As employees, unions do help- some employees are fixing the inequities by organizing, striking or standing up. The public is boycotting products by large conglomerates- 57% of buyers are willing to spend more on products or services from a company that’s known to be socially responsible (inflation is hindering this percentage but please continue to support businesses that support their workers!). Each one of our jobs is affected by our government officials so vote and support candidates that align with your career goals. Use your voice to encourage/discourage future laws and initiatives (I think about the Pregnant Workers Fairness law that will go in effect this summer- I want to see paid maternity and paternity leave!).
If you’re looking for a new role- remember that you hold the power.
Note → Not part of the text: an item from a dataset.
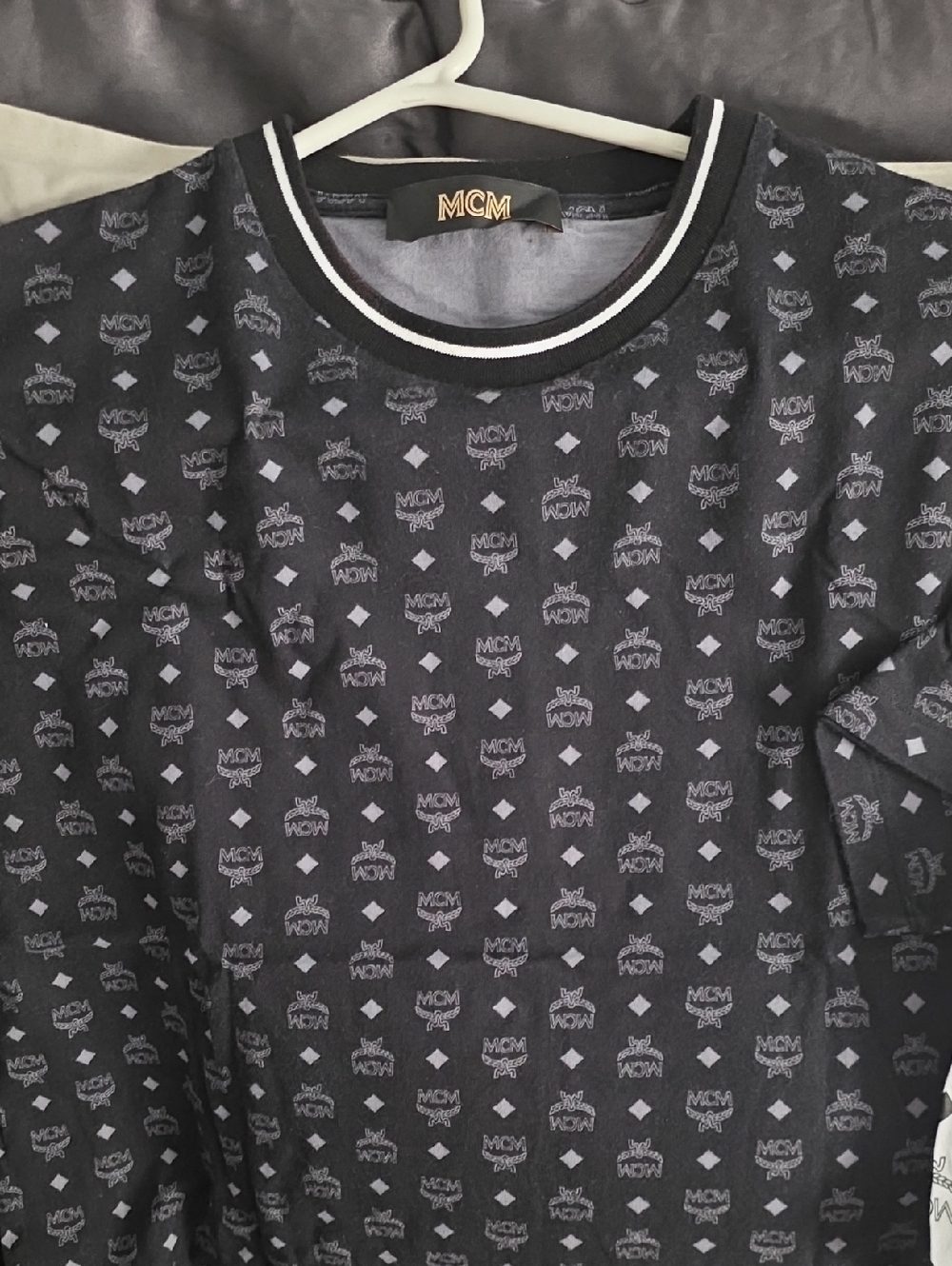 MCM Black All-Over Logo Short Sleeve Tee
Ask for that salary, about those benefits and that PTO. Pay attention to the job postings that don’t lay out all the job responsibilities and the salary amount (there are emerging pay transparency laws, requiring employers to state salary ranges in job descriptions in states like California and Colorado). When you’re interviewing for a new role, ask the difficult questions- remember that you’re interviewing the company in the same manner they’re interviewing you. If you’re stuck in the weeds at your current position, ask yourself if you’re receiving the right treatment.
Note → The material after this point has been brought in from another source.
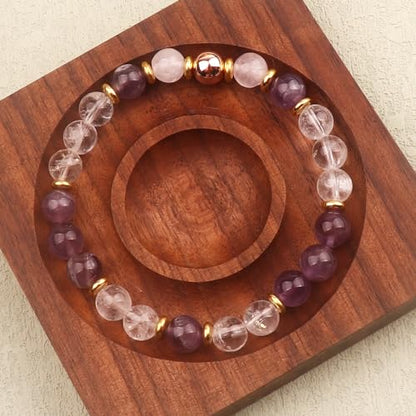 KSQS Healing Stone Bead Bracelet for Women, Natural Gemstones Balance Protection Bracelet, Spiritual Crystal Beads Bracelet Anxiety Relief with Meaning Card - color: Just Breathe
As businesses owners and those leaders in management, you must do more than listening to your employees to make them feel valued and heard. Take action by fixing actual complaints. Believe employees when they get sexually or racially harassed. The bare minimum is not working anymore. We don’t feel safe at work. Employees don’t only want to make a paycheck (and healthcare, work/life balance…); they also want to grow and expand their skill set. Offering the opportunity to employees to develop new skills is a solution for employers hoping to remain competitive in the market and increase the efficiency of their current team. Another thing to consider is improving your Diversity, Equity and Inclusion (DEI) practices, especially when trying to attract and retain workers of color (DEI and mental health initiatives and departments are often the first to go in organizational layoffs and restructurings). With such DEI initiatives, look at nontraditional candidates when hiring. Many of the most valuable skills in today’s economy can be applied to a number of different roles.
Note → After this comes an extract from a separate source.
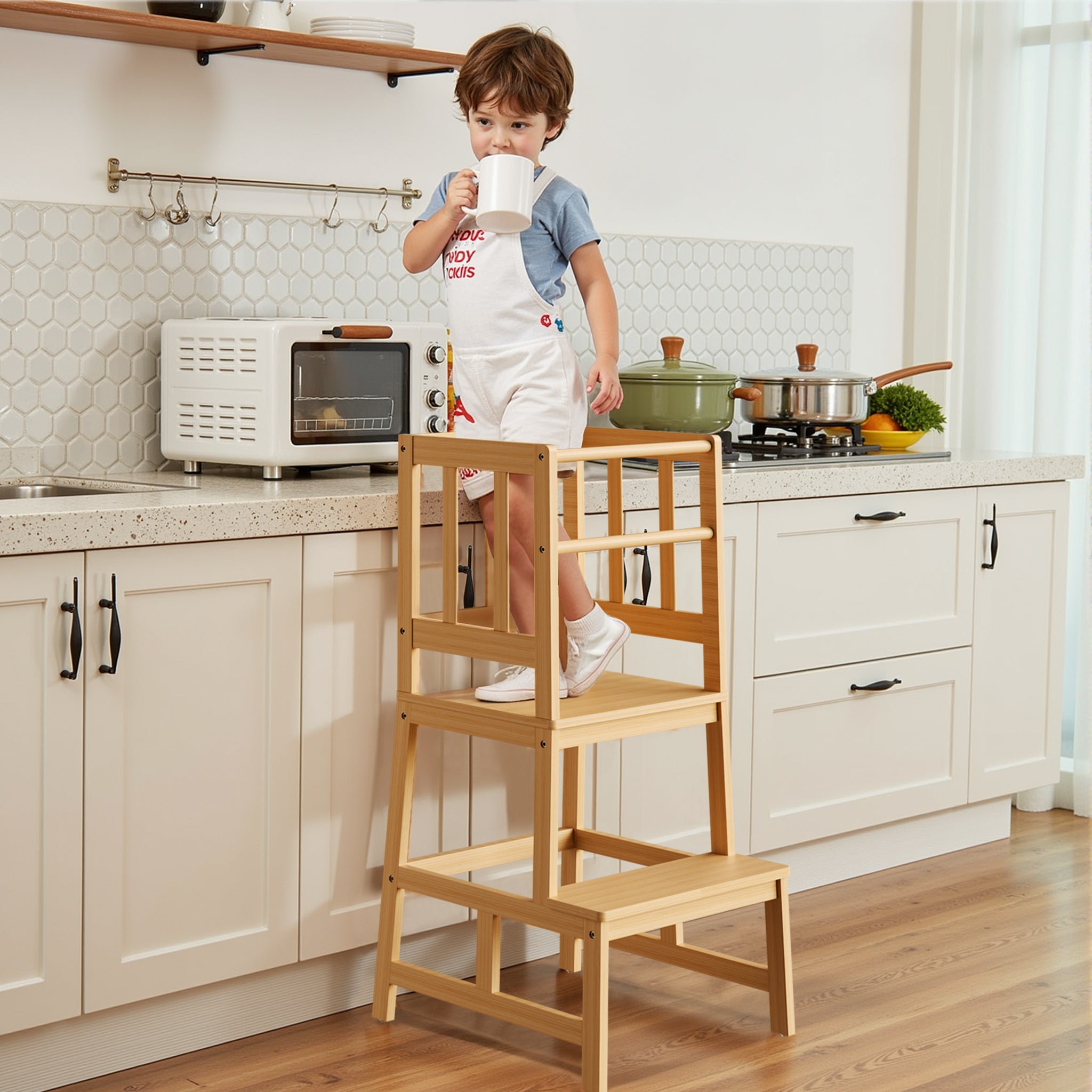 Torre Montessori in bambù 46x46x90cm, con barre di protezione, Learning tower Scala montessoriana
The modern workplace is constantly evolving, constantly under siege by economic changes, tech developments, talent scarcity, an exhausted workforce, globalization and the remnants of the pandemic. As we venture further into 2023, it’s imperative for organizations to focus on progress and its employees’ professional and personal well-being, mental health and becoming more creative with compensation. For those in the throw of of the daily grind, keep flighting the (good) fight. Keep demanding for the respect and compensation that you deserve. Being anti-work doesn’t mean that you have to be lazy or unproductive. It simply means that you want to have more control over your time and your life at the place where we spend most of our week.